Penguin

scsi-ide is an kernel driver that provides a SCSI interface to IDE HardDisk / CD / DVD Drives. It is most commonly used for CD Burning as all burning apparently needs to be done over a SCSI interface.

Kernel support

To enable this in your kernel you must select the following options

ATA/IDE/MFM/RLL support

IDE, ATA and ATAPI Block devices

SCSI emulation support

You also need to enable generic SCSI support in your kernel.

You need the following Kernel modules, listed with their corresponding options:

SCSI generic support
sg.o, CONFIG_CHR_DEV_SG

SCSI CD-ROM support
sr.o, CONFIG_BLK_DEV_SR

SCSI support
scsi_mod.o, CONFIG_SCSI

SCSI emulation support
ide-scsi.o, CONFIG_BLK_DEV_IDESCSI

Boot parameters

Then you will need to add a line similar to the following to your lilo/grub configuration (Example is for lilo)

append="ignore=hdc,hde hdc=ide-scsi hde=ide-scsi"

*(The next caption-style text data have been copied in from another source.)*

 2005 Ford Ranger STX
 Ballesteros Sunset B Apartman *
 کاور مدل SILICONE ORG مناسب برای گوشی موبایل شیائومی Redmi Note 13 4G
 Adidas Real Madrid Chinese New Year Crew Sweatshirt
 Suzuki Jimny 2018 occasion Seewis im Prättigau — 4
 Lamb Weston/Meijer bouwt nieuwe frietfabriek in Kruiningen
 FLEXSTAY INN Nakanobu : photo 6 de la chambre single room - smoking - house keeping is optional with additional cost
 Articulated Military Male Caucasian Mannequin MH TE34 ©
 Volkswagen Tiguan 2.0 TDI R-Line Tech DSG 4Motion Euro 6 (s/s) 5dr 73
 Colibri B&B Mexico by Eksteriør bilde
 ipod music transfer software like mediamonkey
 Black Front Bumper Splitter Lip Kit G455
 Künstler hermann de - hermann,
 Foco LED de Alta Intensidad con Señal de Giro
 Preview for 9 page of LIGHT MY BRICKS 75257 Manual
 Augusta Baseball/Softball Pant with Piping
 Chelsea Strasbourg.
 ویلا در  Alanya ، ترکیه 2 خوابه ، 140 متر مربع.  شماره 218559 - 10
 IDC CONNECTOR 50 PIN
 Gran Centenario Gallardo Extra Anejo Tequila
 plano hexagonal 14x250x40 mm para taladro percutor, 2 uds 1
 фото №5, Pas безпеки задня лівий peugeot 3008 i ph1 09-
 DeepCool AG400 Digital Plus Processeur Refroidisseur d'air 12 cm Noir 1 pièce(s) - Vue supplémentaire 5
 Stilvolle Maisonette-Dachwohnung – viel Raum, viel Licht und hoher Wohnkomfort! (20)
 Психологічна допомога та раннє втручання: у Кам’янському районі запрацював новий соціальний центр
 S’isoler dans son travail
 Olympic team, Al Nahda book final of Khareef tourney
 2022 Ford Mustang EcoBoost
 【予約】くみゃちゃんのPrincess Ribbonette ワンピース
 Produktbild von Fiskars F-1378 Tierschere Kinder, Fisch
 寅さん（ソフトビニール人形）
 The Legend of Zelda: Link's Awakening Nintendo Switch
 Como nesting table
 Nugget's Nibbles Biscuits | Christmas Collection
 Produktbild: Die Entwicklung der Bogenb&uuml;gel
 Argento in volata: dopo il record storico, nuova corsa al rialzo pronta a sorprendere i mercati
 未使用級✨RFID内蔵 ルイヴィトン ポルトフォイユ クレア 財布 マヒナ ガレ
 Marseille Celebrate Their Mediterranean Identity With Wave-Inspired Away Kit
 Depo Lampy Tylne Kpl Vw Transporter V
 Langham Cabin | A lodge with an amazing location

This tells the kernel not to use the native IDE driver for hdc and hde and instead to use the ide-scsi driver. This should give you /dev/scd0 which would be /dev/hdc otherwise /dev/scd1 which would be /dev/hde otherwise

Say your CDR is be hdc and the CDROM is hdd, then you need to add this line to your /etc/lilo.conf to boot with the necessary Kernel options
append="hdc=ide-scsi hdd=cdrom"

Module loading

Now you need to load the ide-scsi module to emulate a SCSI interface on your existing IDE CDROM drive. Add the following entries to your /etc/modules.conf
alias scd0 sr_mod # load sr_mod upon access of scd0 pre-install sr_mod modprobe -k ide-scsi # load ide-scsi before sr_mod pre-install sg modprobe -k ide-scsi # load ide-scsi before sg

In Debian Woody, these go into /etc/modutils/scsi. Running update-modules will copy them into /etc/modules.conf.

Device files

/dev/srX is the device generally used for SCSI CDROM support. On Linux, the device files are normally called /dev/scdX, and the srX devices are SymLinks. To set them all up automatically, do

  1. cd /dev && ./MAKEDEV sr

If you want to always use the ide-scsi emulation, make /dev/cdrom a symlink to /dev/sr0 and make sure /etc/fstab uses /dev/cdrom instead of /dev/hdX.

If you make ide-cd and ide-scsi both modules, you can change how the CD-ROM drive is accessed without rebooting, depending on which module is currently loaded.